HADRON AGE SF (40)
October 5, 2022
One in a series of posts about the 75 best sf adventures published during the genre’s Hadron Age era (from 2004–2023, according to HILOBROW’s periodization schema). For Josh Glenn’s Hadron Age Sci-Fi 75 list (a work in progress), click here.
Alix E. Harrow’s The Ten Thousand Doors of January (2020).
Harrow’s debut novel, set in 1901, concerns January Scaller, a red-skinned young woman whose father works for a Locke, a robber baron in the mold of William Randolph Hearst. Her mother, she believes, is dead. She discovers that our world contains all sorts of “Doors” leading to other worlds; in fact, many of the most consequential shifts in the history of humankind may have had something to do with these doors. Visitors from other worlds have been here; and some of us have visited their worlds too, returning with dangerously subversive ideas and know-how. When Scaller’s father disappears, January goes on the run; and discovers, in doing so, not only that Locke has enriched himself by exploiting these Doors… but that a reactionary — racist, sexist, misogynist — secret society exists whose mission it is to close the Doors forever.

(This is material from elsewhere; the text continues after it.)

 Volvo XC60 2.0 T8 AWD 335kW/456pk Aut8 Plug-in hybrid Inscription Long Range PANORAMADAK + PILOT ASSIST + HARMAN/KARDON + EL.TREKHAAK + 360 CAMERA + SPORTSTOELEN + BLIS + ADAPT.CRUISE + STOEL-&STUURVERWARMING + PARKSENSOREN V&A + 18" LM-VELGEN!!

January’s autobiographical narrative, spanning decades, is interleaved with passages from a mysterious book, by “Yule Ian Scholar” — a work of fiction, or not? — that will help her understand the Doors… and her own mysterious origins, as well. Accompanied by a cadre of friends — Samuel, the grocer’s son; Jane, a Kenyan woman sent by her father to be her companion; and Bad, her ferocious dog — January roams the country, avoiding vampires and assassins, in search of a Door that will lead her… home. Along the way, she discovers the world-making and -remaking power of story telling.
Fun facts: Asked about her inspiration for the places to which her fictional Doors lead, Harrow said, “I worked backwards, beginning with a story or event in our world and imagining the secret Door that might exist behind it. The Indian Rebellion of 1857. Toussaint L’Ouverture’s revolution. Selkie stories in Maine and boo-hangs in New Orleans.”